III. Beweiswürdigung:

1. Das Verwaltungsgericht Wien hat Beweis erhoben durch Einsichtnahme in den Verwaltungsakt, Würdigung des Beschwerdevorbringens und der vom Beschwerdeführer vorgelegten Unterlagen. Ferner hat das Verwaltungsgericht Wien verschiedene Registerauszüge (Sozialversicherungsdaten, Firmenbuch) eingeholt. Am 07.03.2025 führte das Verwaltungsgericht Wien eine öffentliche mündliche Verhandlung durch, in deren Rahmen der Beschwerdeführer als Partei und C. D. (Arbeitgeber des Beschwerdeführers) als Zeuge einvernommen wurden. Die belangte Behörde entsendete keinen Vertreter zur mündlichen Verhandlung.

2. Die Feststellungen zum Verfahrensgang ergeben sich aus der Aktenlage. Ebenso beruhen die Feststellungen zu den personenbezogenen Verhältnissen des Beschwerdeführers auf der Aktenlage bzw. den aktenkundigen personenstandsrechtlichen Dokumenten und den damit im Einklang stehenden Angaben des Beschwerdeführers in der mündlichen Verhandlung.

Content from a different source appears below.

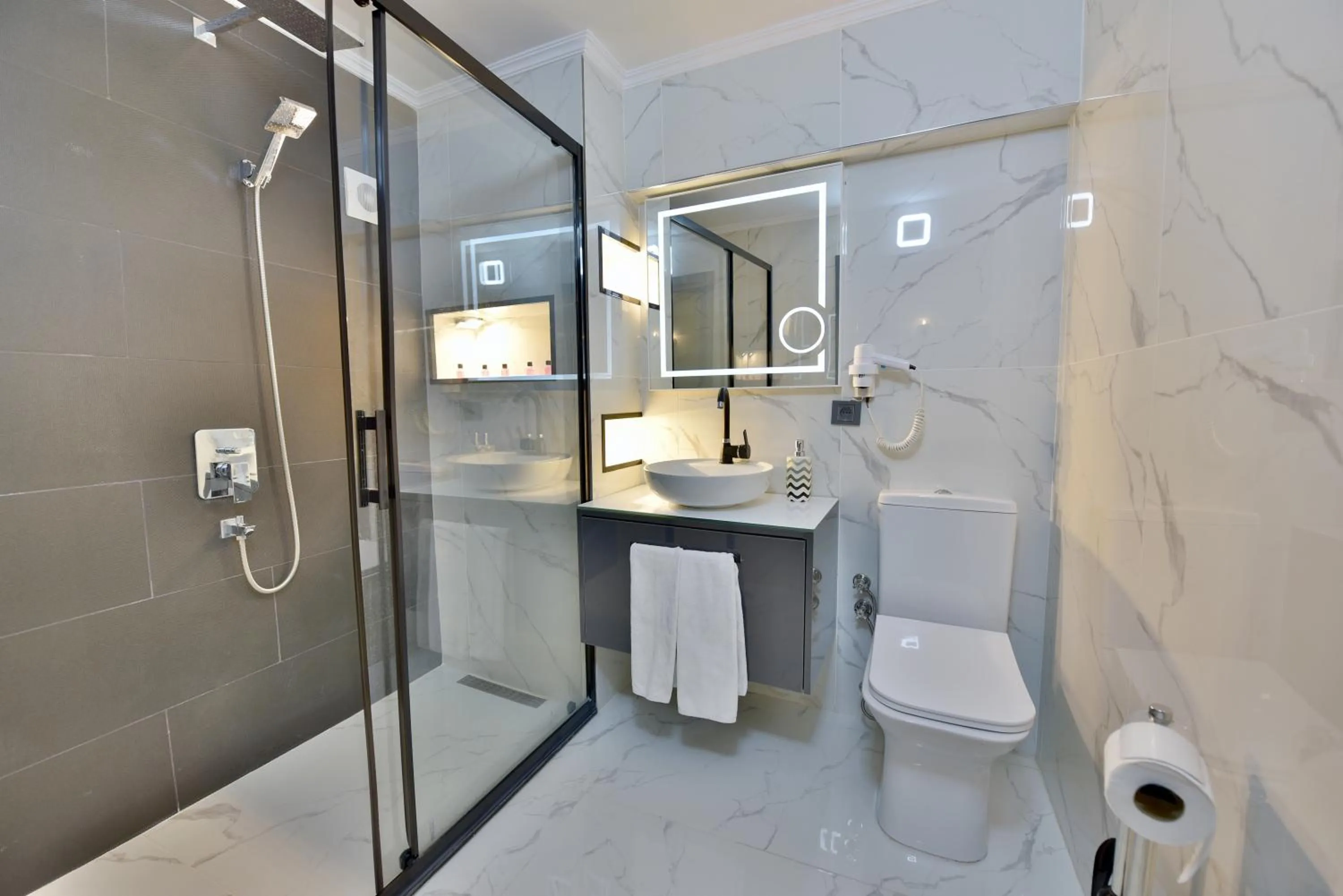 Toilet in Oban Suites Istanbul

3. Die Feststellungen zur (strafgerichtlichen) Unbescholtenheit des Beschwerdeführers, zur verwaltungsstrafrechtlichen Vormerkung nach dem KFG, sowie dazu, dass keine Tatsachen vorliegen, die die Annahme rechtfertigen, dass er einen verfassungsgefährdenden Angriff gemäß § 6 Abs. 2 SNG begehen werde, ergeben sich aus der insoweit unstrittigen Aktenlage. Gleiches gilt für die Feststellung, wonach der Beschwerdeführer seit Dezember 2015 Inhaber einer Waffenbesitzkarte ist.

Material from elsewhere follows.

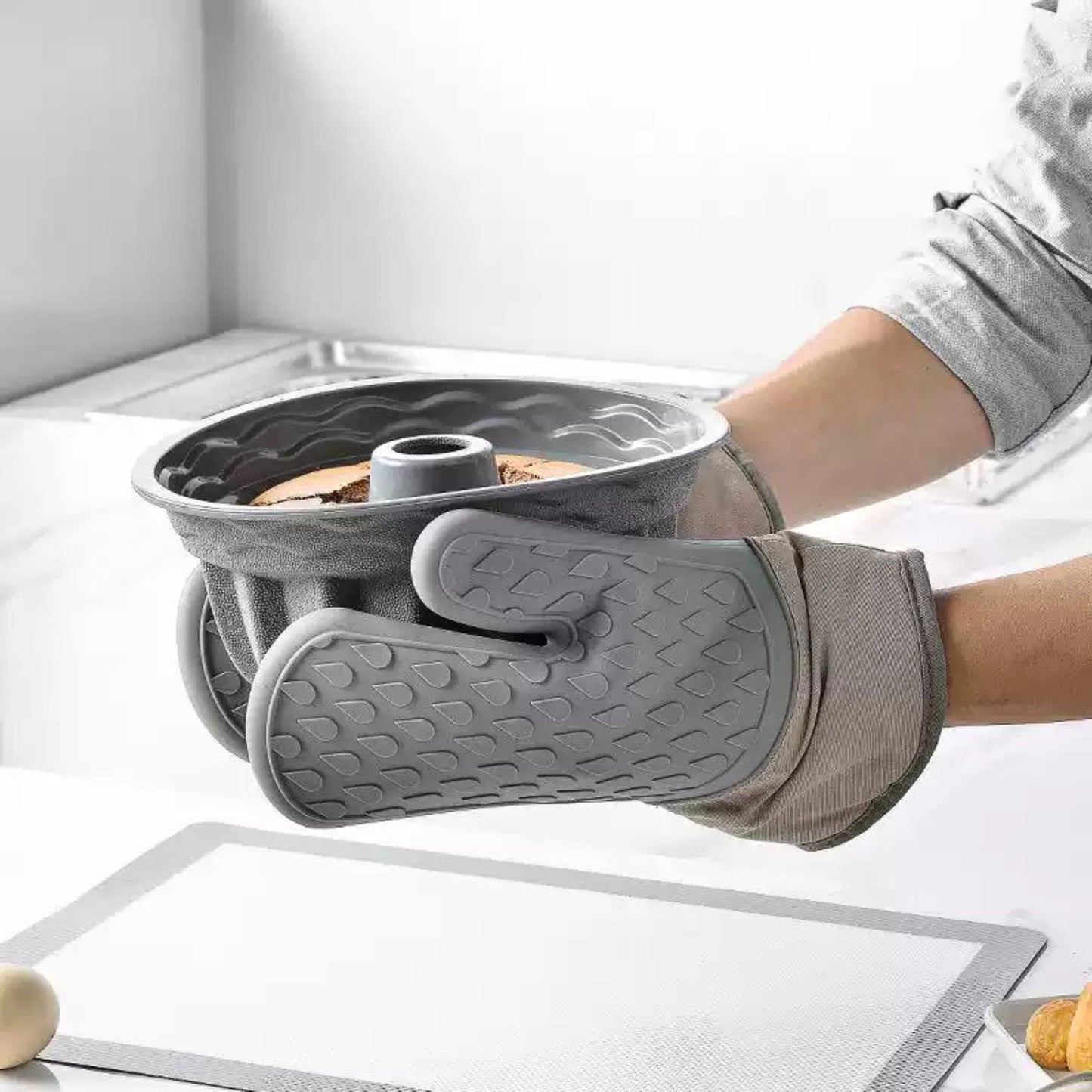 Silicone Oven Mitts & Pot Holder, alternate view 5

4. Die Feststellungen zu dem Verfahren betreffend den Antrag des Beschwerdeführers auf Ausstellung eines Waffenpasses im Jahr 2020 ergeben sich ebenfalls aus dem insofern unstrittigen Inhalt des vorgelegten verwaltungsbehördlichen Aktes.

5. Die Feststellung zur Selbstständigkeit des Beschwerdeführers ergeben sich aus einem hg. eingeholten Auszug aus dem Firmenbuch sowie den damit im Einklang stehenden Angaben des Beschwerdeführers in der mündlichen Verhandlung.

6. Die Feststellungen zur beruflichen Tätigkeit des Beschwerdeführers bei der Detektei D. als Berufsdetektivassistent ergeben sich aus dessen eigenen Angaben sowie der damit im Einklang stehenden Angaben des Zeugen C. D. in der mündlichen Verhandlung am 07.03.2025, einem eingeholten Versicherungsdatenauszug sowie den aktenkundigen Schreiben der Detektei D. vom 12.06.2024 und vom 05.08.2024, in welchen die Beschäftigung des Beschwerdeführers als Berufsdetektivassistent bestätigt wird.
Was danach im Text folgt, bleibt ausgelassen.